== AIM OF THE TASK ==
Your task is to transcribe all the entries exactly, excluding pictures.

.....

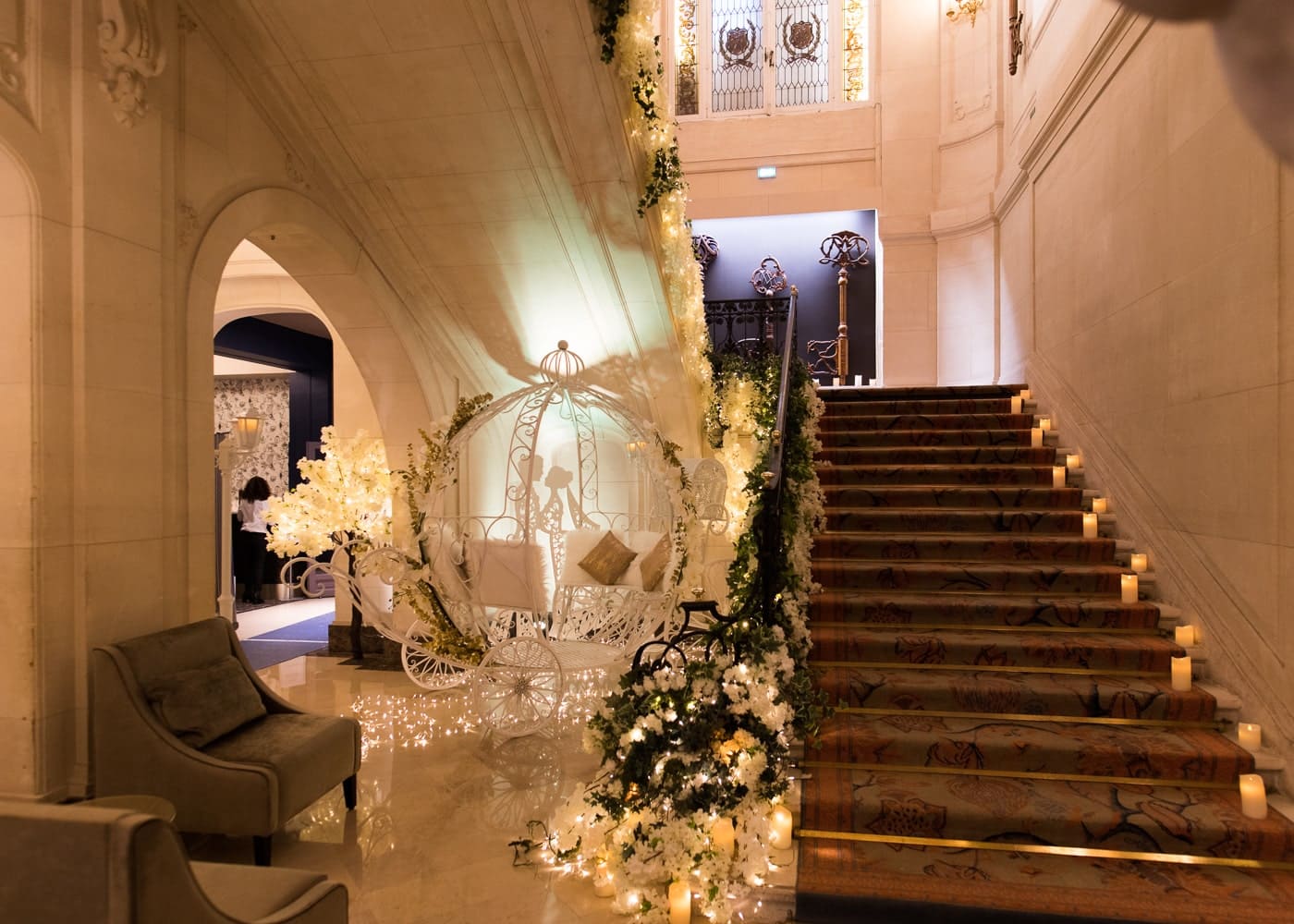 organiser un mariage original avec une décoration unique et personnalisée prestige sodexo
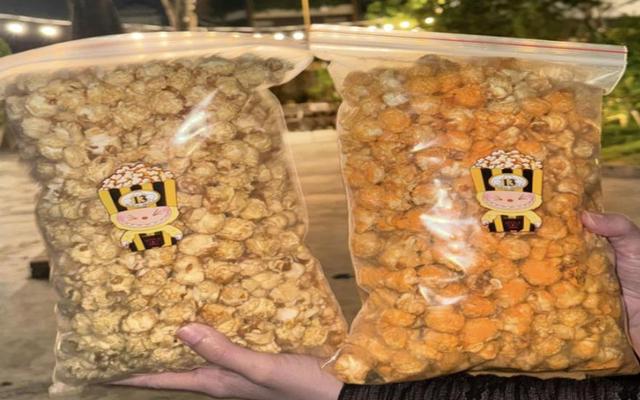 Bắp Rang Bơ Nhà 13 - Dương Quảng Hàm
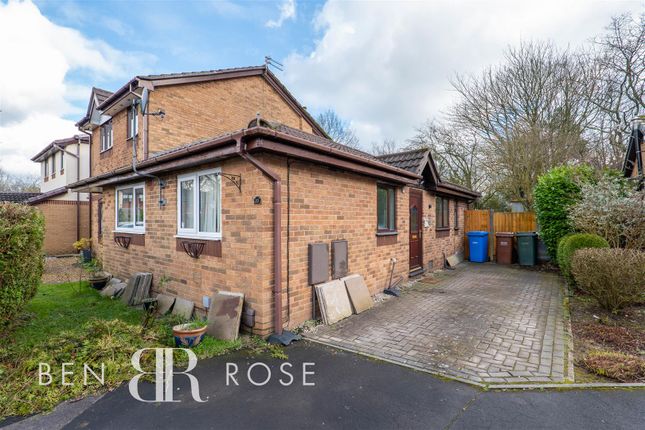 Semi-detached house for sale in Lords Croft, Clayton-Le-Woods, Chorley
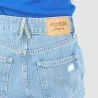 Straight jeans fille - KONTAKT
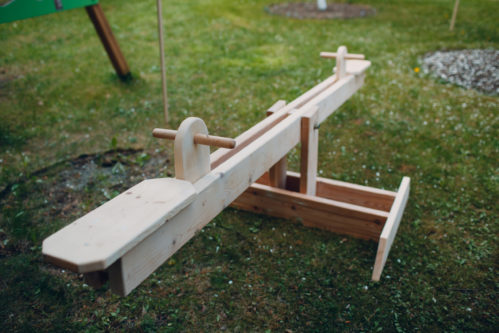 children's teeter totter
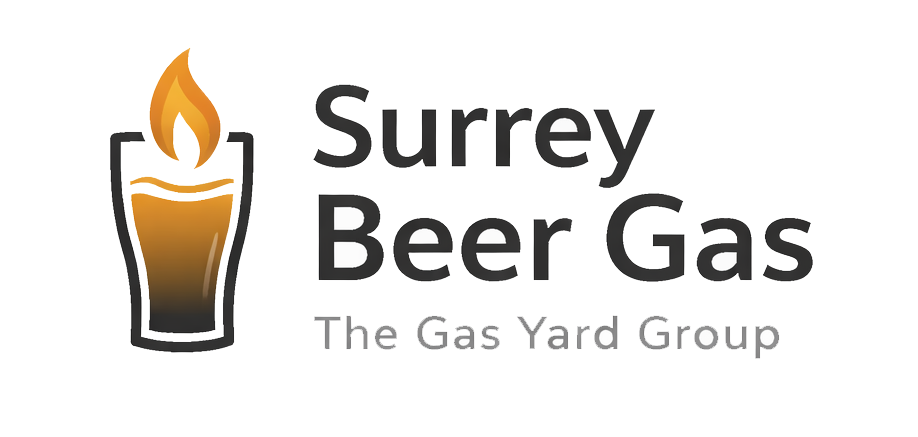 Surrey Beer Gas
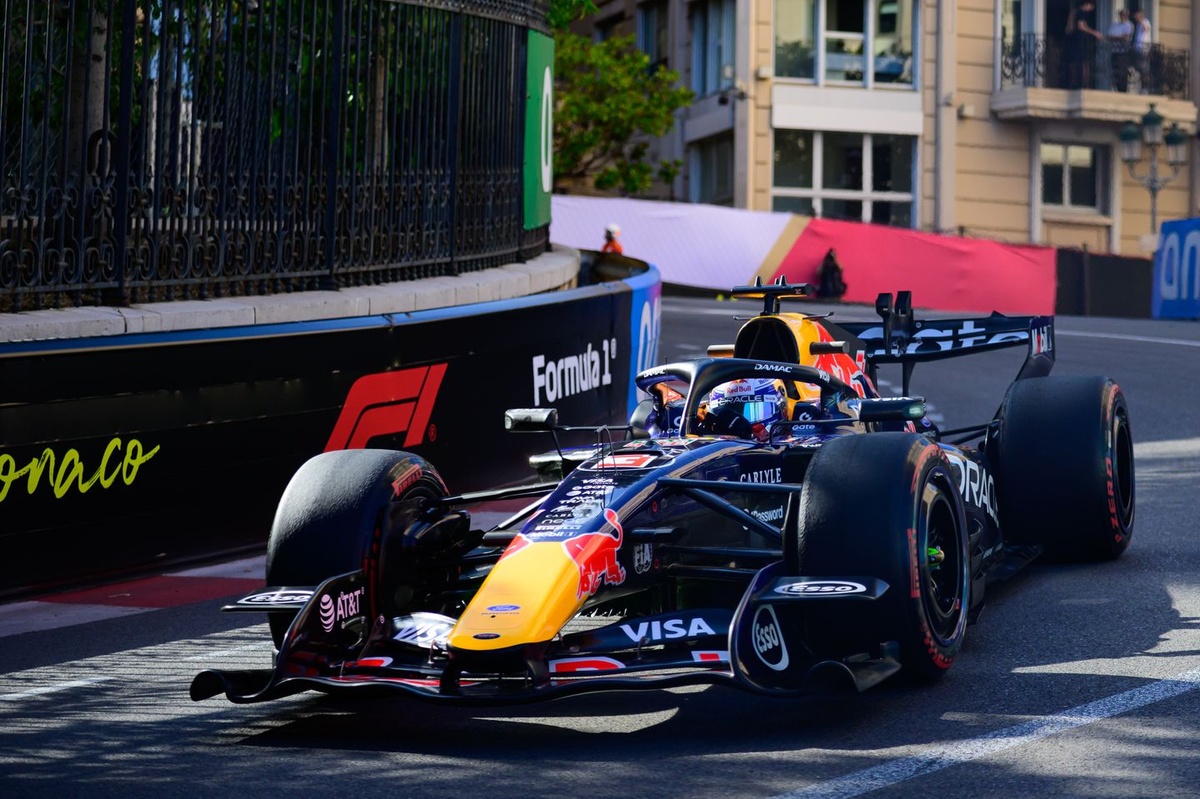 Red Bull encontrou motivo para a aposentadoria de Verstappen, mudança de motor planejada após Mônaco
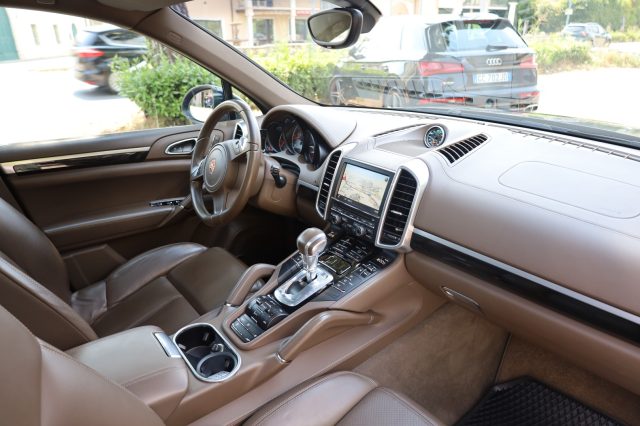 PORSCHE Cayenne usata 104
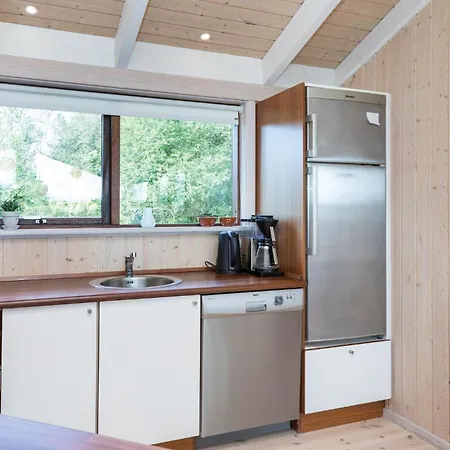 Nice Home In Hjorring With Sauna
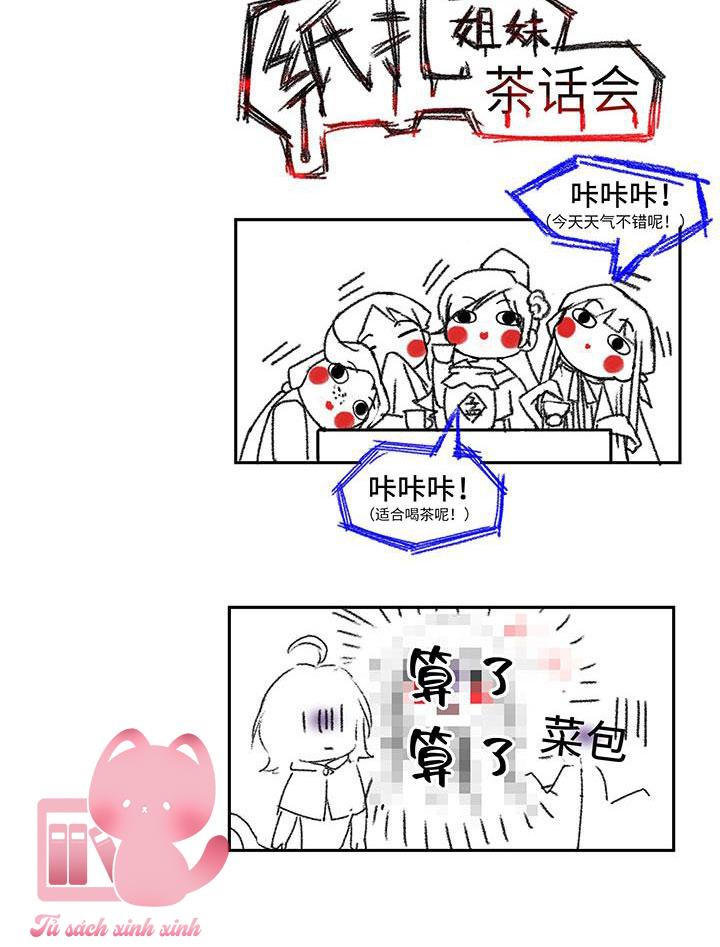 Phu Quân, Làm Ơn Để Ta Yên! - Chap 8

.....

== TASK ANSWER ==
 organiser un mariage original avec une décoration unique et personnalisée prestige sodexo
 Bắp Rang Bơ Nhà 13 - Dương Quảng Hàm
 Semi-detached house for sale in Lords Croft, Clayton-Le-Woods, Chorley
 Straight jeans fille - KONTAKT
 children's teeter totter
 Surrey Beer Gas
 Red Bull encontrou motivo para a aposentadoria de Verstappen, mudança de motor planejada após Mônaco
 PORSCHE Cayenne usata 104
 Nice Home In Hjorring With Sauna
 Phu Quân, Làm Ơn Để Ta Yên! - Chap 8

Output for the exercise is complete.